Economy | Europe
Climate Record: Goldman Sachs Projects Eurozone Inflation to Peak at 3.2% in Q2 2026
Goldman Sachs' latest eurozone inflation forecast — with Q2 2026 headline inflation peaking at 3.2% — represents a dramatic revision driven entirely by Iran war energy costs.
Goldman's Inflation Shock: 3.2% Eurozone CPI by Q2 — A Path Nobody Planned For
Goldman Sachs' publication of dramatically revised eurozone inflation forecasts on March 22, 2026 represented a watershed moment in the economic assessment of the Iran war's European impact. The bank now projects eurozone headline inflation averaging 2.9 percent across 2026 and peaking at 3.2 percent in the second quarter — a path that Goldman economist Katya Vashkinskaya described as one that would have been considered a tail risk at the start of the year, before the US-Israeli military campaign against Iran began on February 28.

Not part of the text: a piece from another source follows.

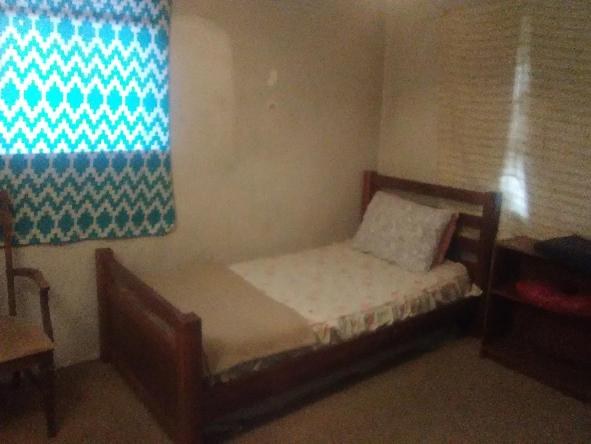 Comfy Room 2 - B&B Overland Park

The revision is driven almost entirely by a single variable: the energy price component of the inflation basket. Goldman projects European headline inflation jumping to 2.7 percent year-on-year in March, up sharply from 1.89 percent in February — a move driven by the energy component swinging from minus 3.1 percent to plus 5.9 percent in a single month. This is the mechanical consequence of oil and gas prices rising 30-70 percent from their recent levels, translated through the energy component weightings of European consumer price indices into the headline figures that ECB policymakers, bond investors, and households track.

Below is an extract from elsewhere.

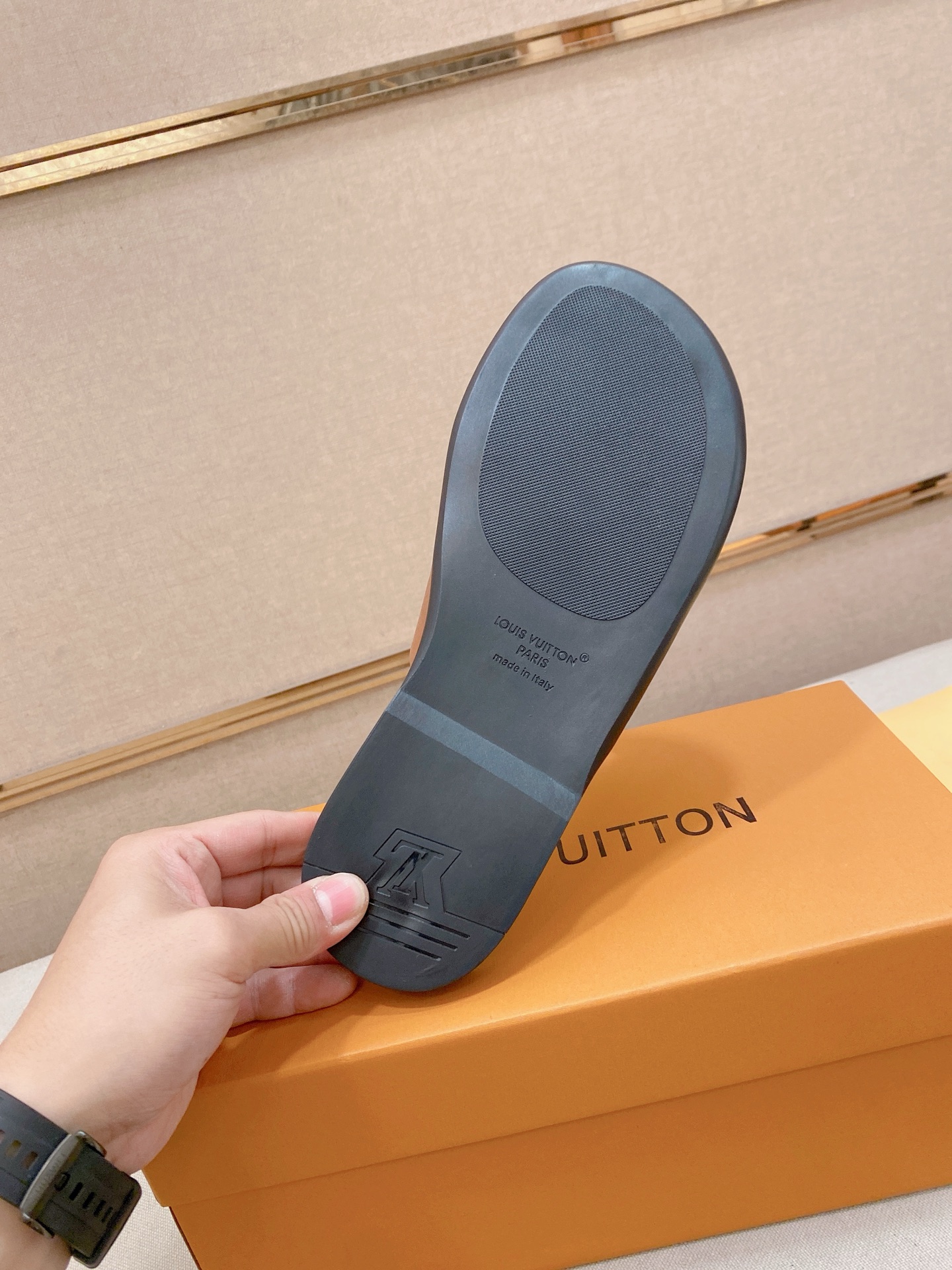 LV 高仿 男款印花拖鞋 經典Monogram棕色設計 百搭休閒款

The implications for European monetary policy are severe. The ECB had been methodically reducing interest rates throughout 2025 and early 2026, bringing the deposit rate down toward what economists consider the neutral rate — the level that neither stimulates nor restricts economic activity. That process has been forcibly interrupted. With inflation now projected to accelerate materially above target through the middle of the year, the ECB faces the choice between accepting temporarily elevated inflation — justifying inaction on the grounds that the shock is supply-side and transient — or raising rates to signal that it will not allow the energy shock to become entrenched in wage and price-setting behaviour.